REQUIRED WORK:
Only the pictures are to be left out; write out the rest of the data exactly.

DATA SECTION:
___

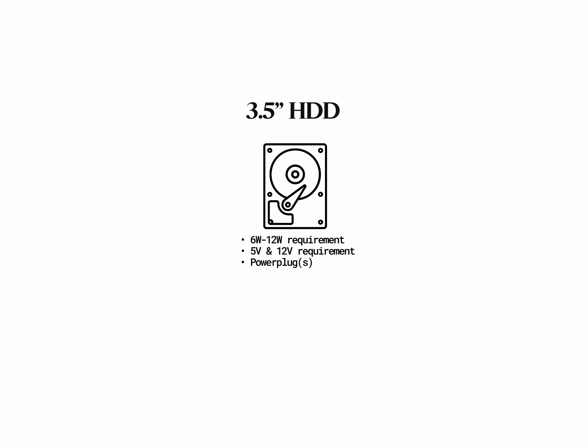So, in summary, 2.5-inch drives require 6 watts and can be powered solely by a USB hub, as long as we pick a powerful one. 3.5-inch drives require both 6 to 12 watts and both 5 and 12 volt power lines simultaneously, so we will need an external power source like a power plug, as well as the USB hub to connect it to our Raspberry Pi.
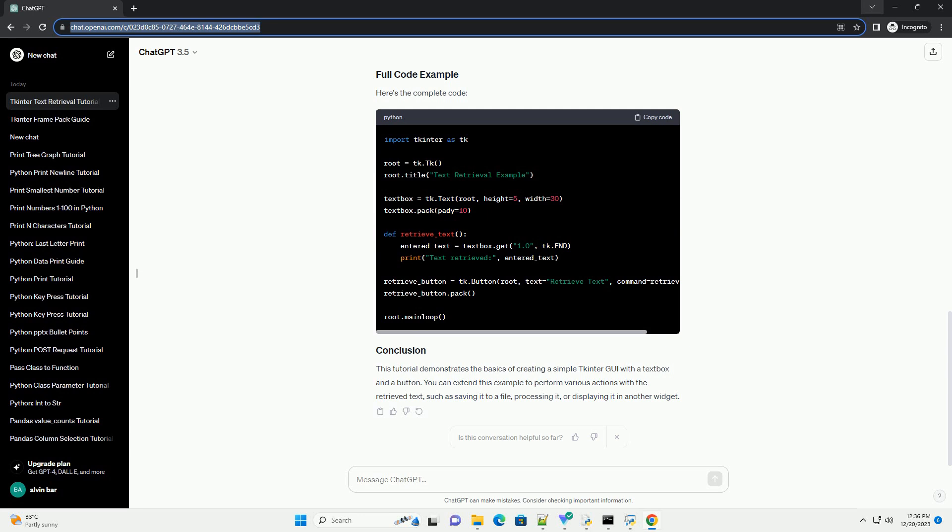Here's the complete code. This tutorial demonstrates the basics of creating a simple Tkinter GUI with a text box and a button. You can extend this example to perform various actions with the retrieved text, such as saving it to a file, processing it, or displaying it in another widget.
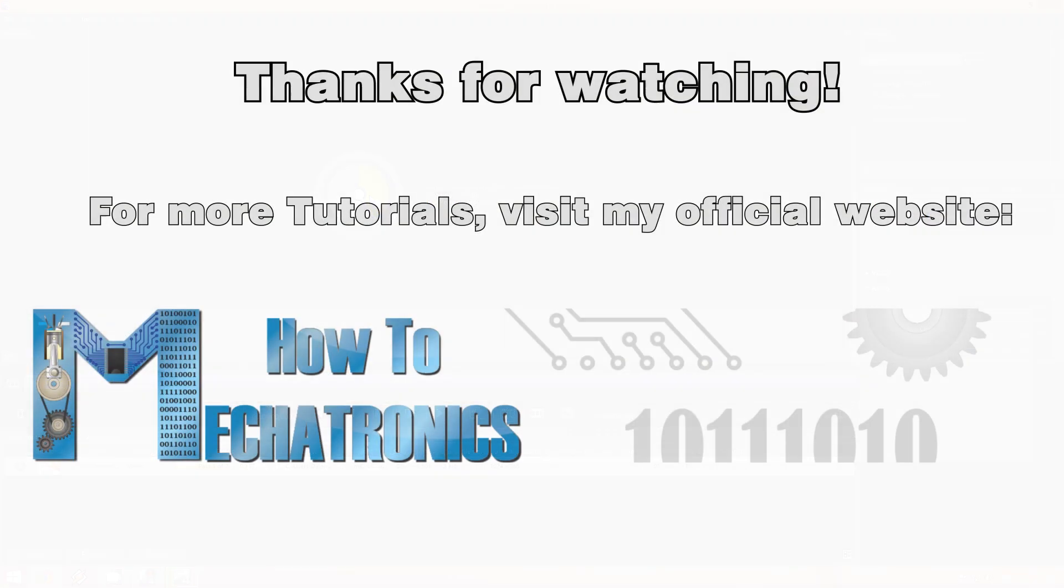That's all for this tutorial. Thanks for watching and for more tutorials visit my official website HowToMechatronics.com.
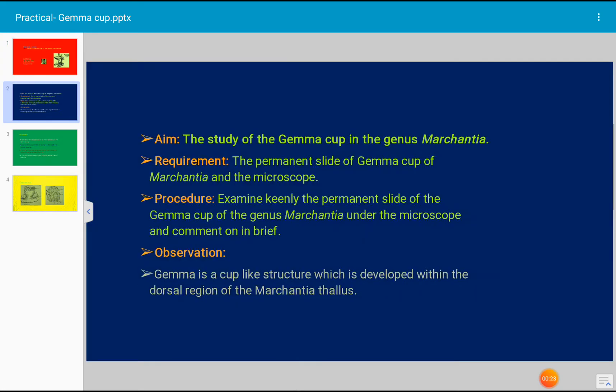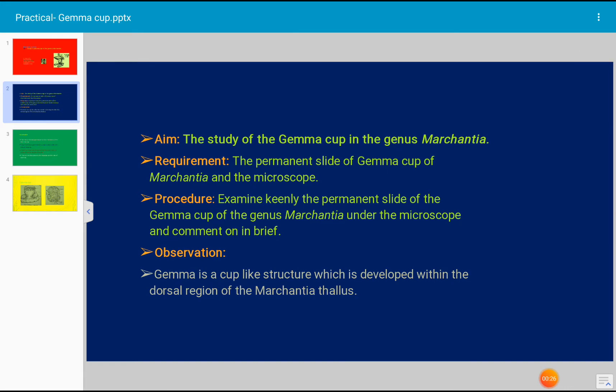Requirement of the practical: we need a permanent slide of gemma cup of Marchantia and we need a microscope to observe the slide.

___

YOUR SOLUTION:
So, in summary, 2.5-inch drives require 6 watts and can be powered solely by a USB hub, as long as we pick a powerful one. 3.5-inch drives require both 6 to 12 watts and both 5 and 12 volt power lines simultaneously, so we will need an external power source like a power plug, as well as the USB hub to connect it to our Raspberry Pi.
Here's the complete code. This tutorial demonstrates the basics of creating a simple Tkinter GUI with a text box and a button. You can extend this example to perform various actions with the retrieved text, such as saving it to a file, processing it, or displaying it in another widget.
That's all for this tutorial. Thanks for watching and for more tutorials visit my official website HowToMechatronics.com.
Requirement of the practical: we need a permanent slide of gemma cup of Marchantia and we need a microscope to observe the slide.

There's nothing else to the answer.